MIr wäre der x250 immer noch zu schwer, aber irgendwo muss man halt einen Kompromiss eingehen.

Was willst Du mit "viel Arbeitsspeicher"? Soll dort Davinci Resolve oder Premiere Pro genutzt werden, um dann 4K Video halbprofessionell zu bearbeiten? Den x250 kann man auch auf 16 GB aufrüsten.

Mit dem 48 Wh Akku hällt er zwischen 1,5 und 5,5 Stunden durch, mit dem optionalen 72 Wh Akku dann sicher länger (und wird auch schwerer/größer)
Test Lenovo ThinkPad X250 Ultrabook - Notebookcheck.com Tests

Wie lange der Asus mit dem 32 Wh Akku durchhält, kann man wohl ohne ausführlichen Test nur erraten.


----------



## mr.4EvEr (25. Juli 2020)

Die Konfiguration von Einwegkartoffel ist erst seit ein paar Tagen auf Geizhals gelistet. Die Akkulaufzeit wird eher kurz ausfallen, da die Ryzen 3000 CPUs noch etwas mehr Strom als ihre Nachfolger benötigen und der Akku mit 32 Wh klein ist.
1,6 kg für einen 14" Laptop sind auch eher viel (liegt u.A. an der HDD). Leichtgewichte sind etwa 400-500 g leichter.

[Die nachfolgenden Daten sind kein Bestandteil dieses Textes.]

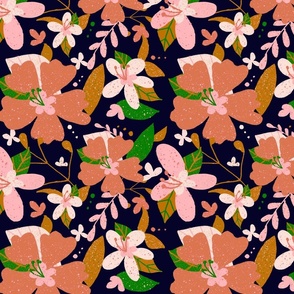 Autumn Floral with Pinks, Tans, and Greens on a Dark Background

Brauchst du halbwegs gute Farben und ein halbwegs helles Display fürs Arbeiten draußen? Dann bleibt nur ein Gebrauchtkauf übrig oder ein etwas höheres Budget. 100% sRGB Farbdisplays und hohe Helligkeiten gibt es für diesen Preis nicht.
Eines der günstigsten Laptops mit gutem Screen (100 % SRGB und 300 Nits) und sehr guter Power gibt es aktuell nur im QWERTY-Tastenlayout (Redmibook 14/16) und mit max. 512 GB SSD. Beide Geräte liegen über dem Budget (je nach Konfiguration etwa 550 - 650 € im Angebot).
Alternativ ist in der Preiskategorie knapp über 600 € das Asus Zenbook 14 einen Blick wert (1,12 kg, 100 % SRGB, 300 Nits, 12 h Akkulaufzeit, aber nur 512 GB SSD): ASUS ZenBook 14 UM433DA-A5005 Icicle Silver ab &euro;'*'632,64 (2020) | Preisvergleich Geizhals Deutschland

Wenn das Display nur ein Bild anzeigen soll und Farbtreue nicht so wichtig ist, ist das Acer Swift 3 einen Blick wert (1,2 kg, 16 GB RAM, Ryzen 4500U, 1 TB SSD):
Acer Swift 3 SF314-42-R2UX Pure Silver ab &euro;'*'632,64 (2020) | Preisvergleich Geizhals Deutschland

Das schwierige an deinen Ansprüchen ist die große Festplatte in Verbindung mit dem Budget. Viele P/L sieger haben aktuell nur eine 256 GB bis 512 GB SSD verbaut und selber nachrüsten wird nicht billiger werden, da eine 1 TB SSD alleine etwa 90 - 110 € kostet und eine HDD würde ich nicht mehr mit mir rumschleppen wollen (Gewicht, Lautstärke).


----------



## meus (25. Juli 2020)

Hallo Fotoman, 

vielen Dank für deine Empfehlung. Auch den Umbau des Lenovos hört sich sehr interessant an und macht finanziell ja schon noch einen guten Eindruck. 
Du schreibst, dass dir persönlich dieser immer noch zu schwer ist. wenn man nun mal alle meine bedingungen aussen vor lässt (Arbeitsspeicher, preis...), was wären denn deine Empfehlungen für absolute leichtgewichte für unseren zweck ?


----------



## meus (25. Juli 2020)

Und zu deiner Frage Fotoman, 

wir wollen keine 4K Videos machen, ich denke Full HD wird für unsere Zwecke ausreichen.


----------



## meus (25. Juli 2020)

Hallo, 
auch danke dir für deine Ausführungen. 
Das Asus Zenbook macht einen richtig guten Eindruck. Sehr leicht, lange Akkulaufzeit und nach unserem Rückblick auf den Festplattenspeicher haben wir uns noch einmal Gedanken gemacht. 
512 Gbyte sollten wohl ausreichen. Nach Fotomans Einschätzung benötigt man unbedingt eine SSD Festplatte um Videos ordentlich schneiden zu können.
Wir werden alle paar Tage in einem Kaffee sein wo wir W-Lan haben werden, somit können wir unsere Videos in die Cloud hochladen und dann läuft der Speicher auch nicht Gefahr vollzuwerden. 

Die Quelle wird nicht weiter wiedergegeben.